阿部委員 もしそういう段階であれば、この三号問題について法案を閣議決定するには、まだ準備していないということなんじゃないでしょうか。だって、なぜ起こったかも、運用上の問題も含めてこれから点検するというときに、どうして、救済にしろ何にしろ、法案が出るのか。やはりそれは民主党らしくないと思いますね。

 何が起こったか。例えば、よく昔やりました、サンプル調査をしなさいとか、全件、サンプルじゃ足りない、全体を調べなさいとか。私は、その手法はよかったと思うんです。

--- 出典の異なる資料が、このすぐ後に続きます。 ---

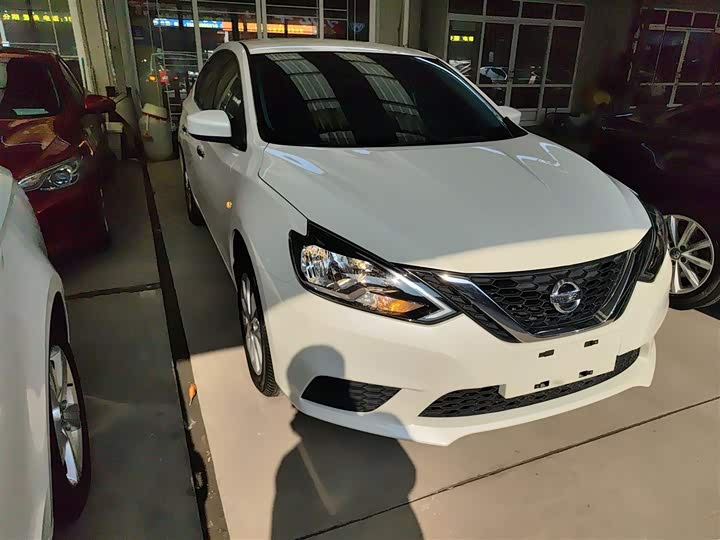 Фото 4 - Nissan Sylphy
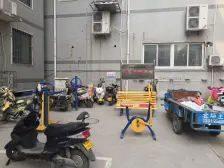 2008年,近地铁,电梯小高层 均价六千,纯南户。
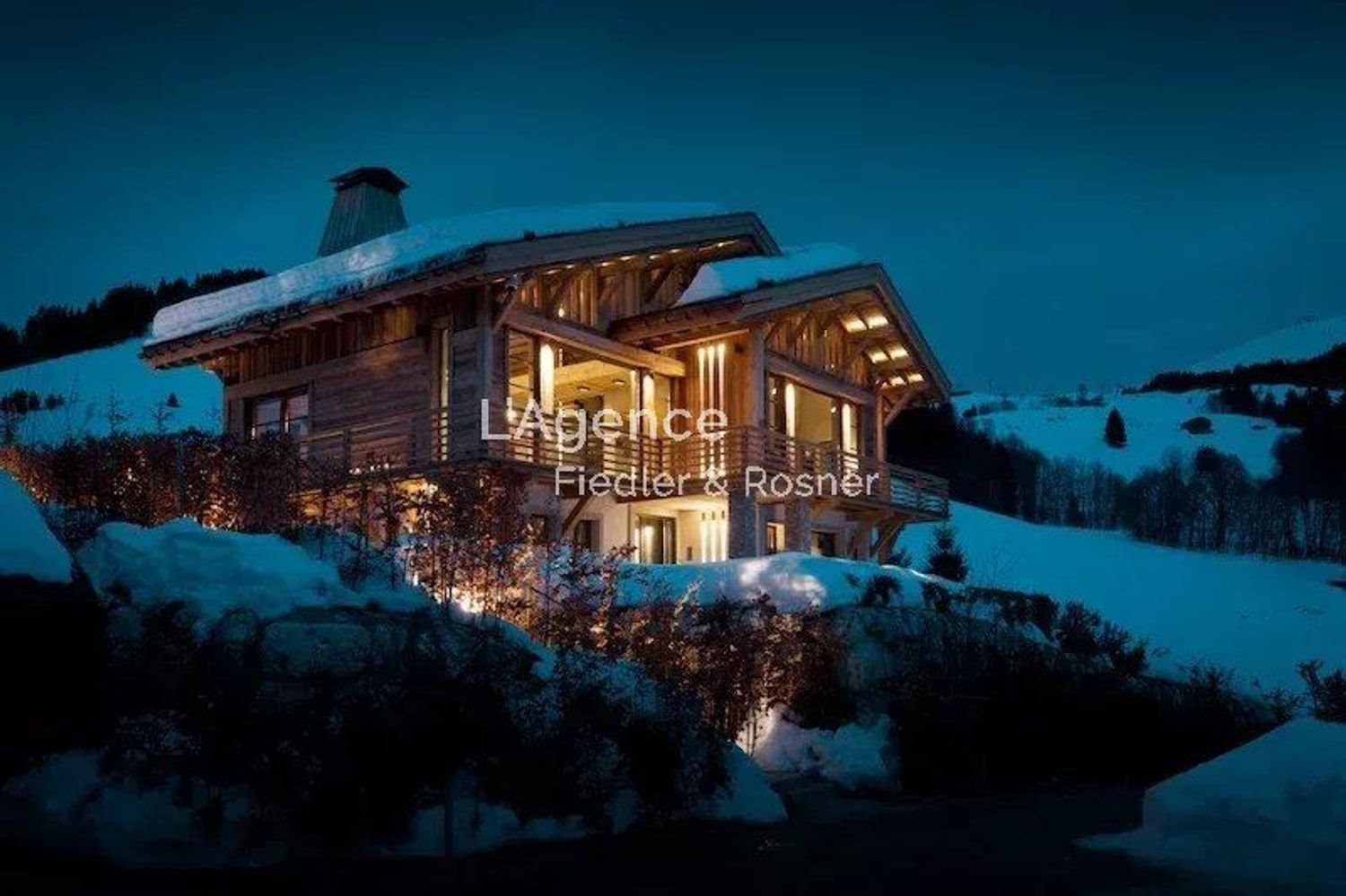 Maison à louer, 638m², Megève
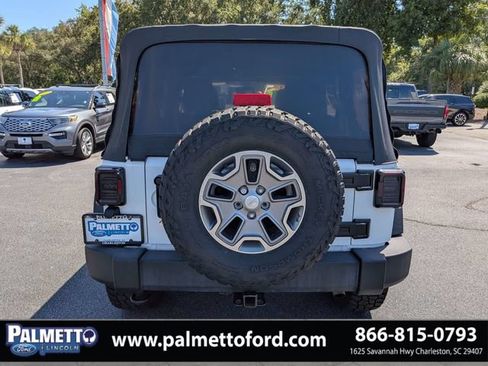 Used 2018 Jeep Wrangler Unlimited Rubicon AWD/4WD image 4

やれることはやった方がいいし。

 ただ、今の御答弁では、実は、本来やるべきことをやらないで、救済という側面があるからお出しになったその真意は少しはわからないではないですが、しかし、きちんと原因を究明しないと、国民の側からは不信が募るだけになってしまいます。逆に、主婦の中にも余分な分断や対立を生むということで、だれが悪くてなぜこうなったのかということを、もうちょっとちゃんとして示す必要があると思うんですね。

 恐らく副大臣も御存じでしょうが、ちょっと皆さんにお見せするのを予告しませんでしたが、もう前から何回も取り上げている、これは「新年金法」という、名著と呼ばれています吉原健二さんの御本です。これは、昭和六十一年の国民皆年金のときに、それまでの経緯などをまとめた御本でありますが、既に発足当時から、この主婦年金というか三号の発足当時から、つくった吉原さん自身が大変に懸念の点を幾つも述べておられるんですね。

 「第三号被保険者の的確な事務処理に万全を期さねばならない」。的確とはどういうことかというと、それまで、例えば、主婦の方の約七割は自分で任意に納めておられて、三割は納めていなかった。その方に、これからは、夫とペアで、あなたの立場は三号というのになりますよということの周知徹底はどうであったか。また、こういったことがうまくいくかどうかは新しい制度の将来を左右するというふうな認識、そこの切りかえがうまくいくかどうかが将来を左右すると述べておられるんですね。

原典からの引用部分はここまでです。